Supplied records START

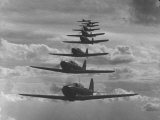 Nine Army Air Corps Bi-Place Pursuit Planes Flying in Formation with a Maximum Speed of 300 MPH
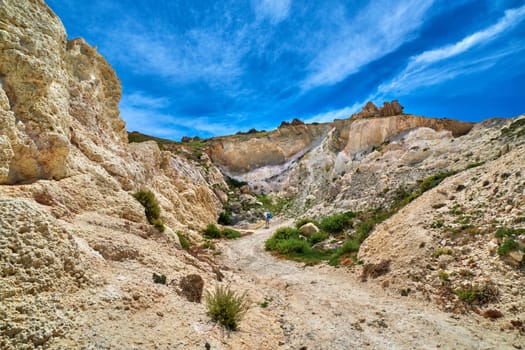 Lonely male adult explore majestic rocks of Greek island landscape. Sunny summer day. beautiful sky, little greenery, limestone cliffs. Nature, outdoor activities, hiking, mountains. Firopotamos beach, Milos island, Greece.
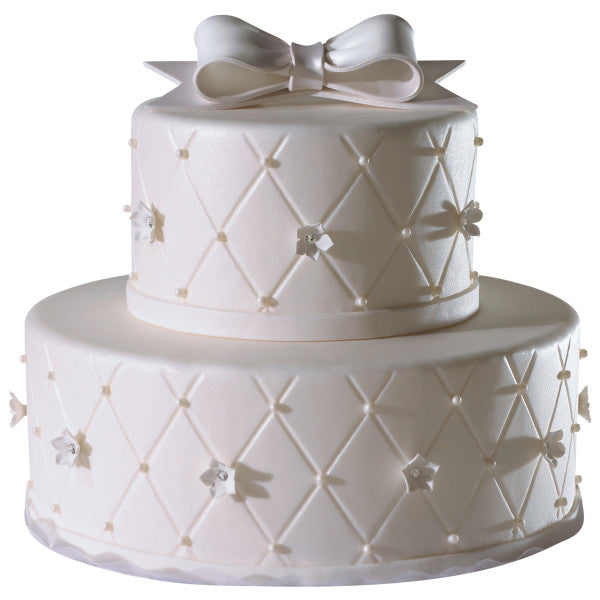 Elegant two-tier white cake with quilted fondant pattern and pearl accents, topped with a large white gum paste bow.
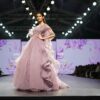 Elegant model in lavender gown showcases high fashion on runway during Indian fashion week event.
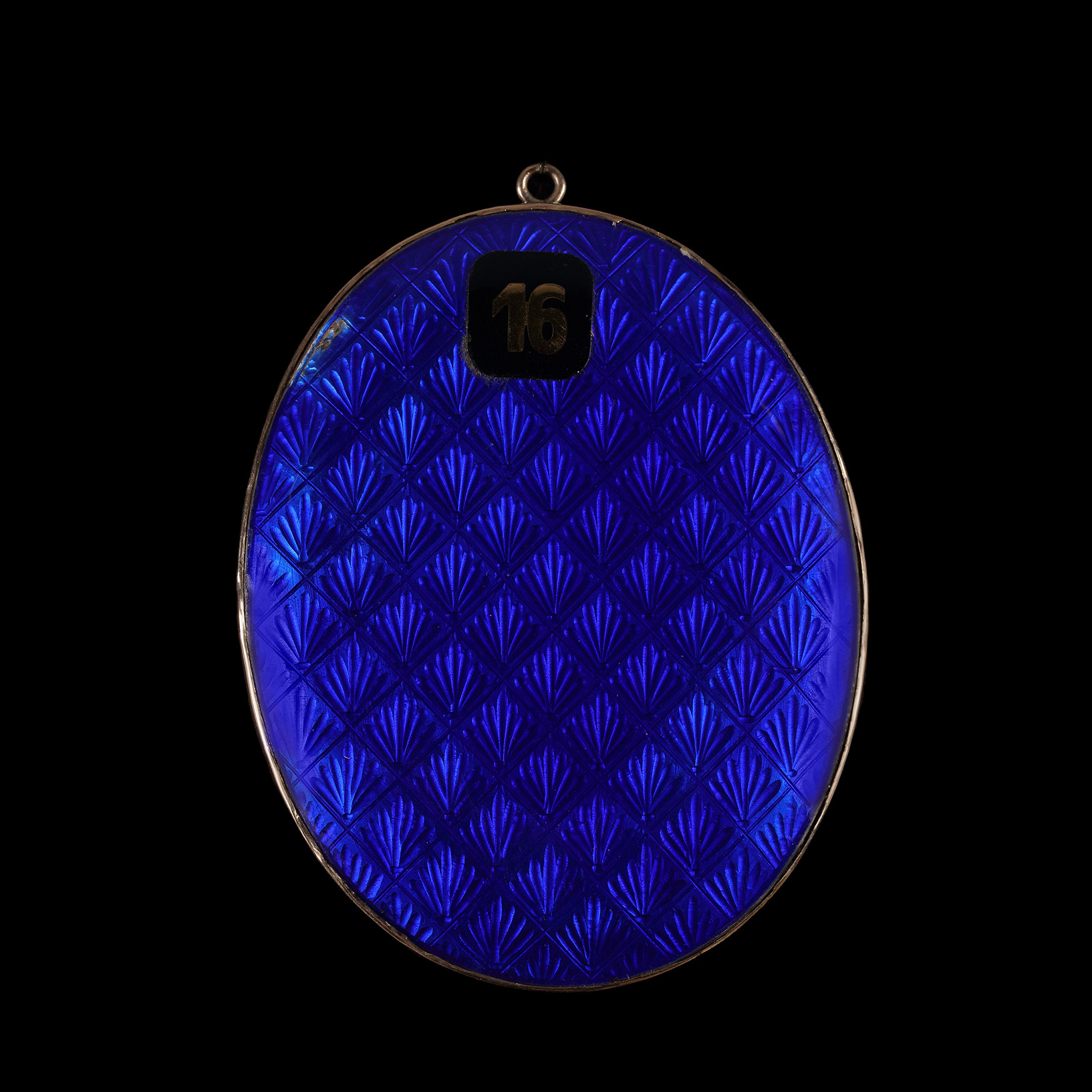 A portrait miniature of a Gentleman, wearing dark blue coat with black collar, white waistcoat and stock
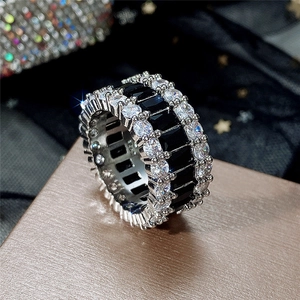 Macro shot of S925 silver ring featuring three rows of cubic zirconia and black gems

Supplied records END

# Work order
Exactly and only the lines from the top of the records down to the line containing "Lonely male adult" should be transcribed, please, without the pictures.

# Task result
 Nine Army Air Corps Bi-Place Pursuit Planes Flying in Formation with a Maximum Speed of 300 MPH
 Lonely male adult explore majestic rocks of Greek island landscape. Sunny summer day. beautiful sky, little greenery, limestone cliffs. Nature, outdoor activities, hiking, mountains. Firopotamos beach, Milos island, Greece.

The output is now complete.